Novelis has announced the acquisition of 31.2% stake in its Korean subsidiary, taking (Novelis) ownership to practically 100% (current ownership at 68%). The company would pay USD350mn in cash, giving it an equity valuation of USD1.1bn. The transaction is expected to be closed by December 31, 2011.
Effective valuation looks fair, but not cheap
We estimate the FY11 EBITDA of Korean business at USD220mn. Novelis Korea has been debt free since October 2010. While we do not have the outstanding cash figure, we estimate it at USD100mn based on one-year cash accruals. Novelis' consolidated cash is USD286mn as on September 30, 2011. Considering the ongoing capex and the challenging market conditions, the company may not want to draw down this cash. If we assume it to raise the transaction amount entirely from debt and assume the outstanding cash at USD100mn for the Korean arm, the effective EV/EBITDA works out to be 6.3x.

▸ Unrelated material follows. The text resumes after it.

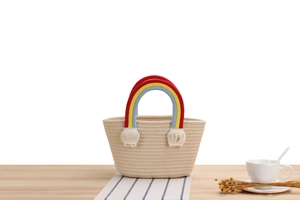 Detail of handmade cotton rope bag with colorful rainbow handle and white tassel pom-poms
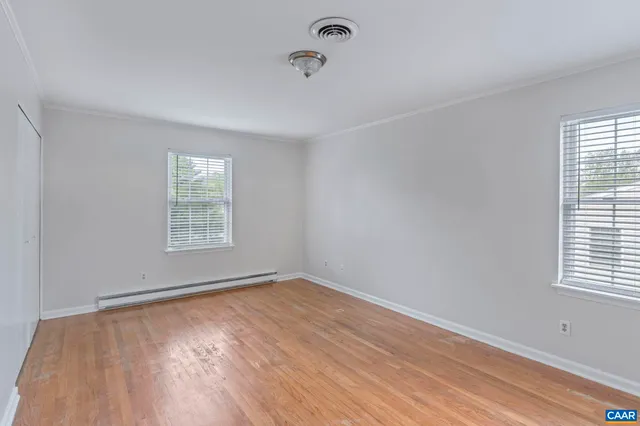 an empty room with wooden floor and windows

Impact on FY13 PAT marginally positive
We estimate the FY13 consolidated PAT/ EPS to be positively impacted by ~1% after considering the increased debt and corresponding interest.

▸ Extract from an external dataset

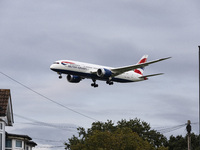 British Airways Boeing 787-8 Dreamliner aircraft spotted flying on final approach over the roofs of the houses of Myrtle avenue for landing...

Total control to be a long term positive
The key drivers of the transaction are the need for providing an exit to minority shareholders (mainly Taihan Electric Wire Co. Ltd.) and obtaining full control for Novelis. Total control over the Korean arm provides Novelis with the entire upside from its proposed capacity expansion of 350kt in Korea. This expansion can generate an incremental EBITDA of ~USD150mn in FY15, provided that the current Asian business EBITDA/t is maintained and some benefits accrue from its proposed recycling. Besides the existing EBITDA of USD220mn, Novelis would enjoy the full impact of this incremental EBITDA from FY15 onwards.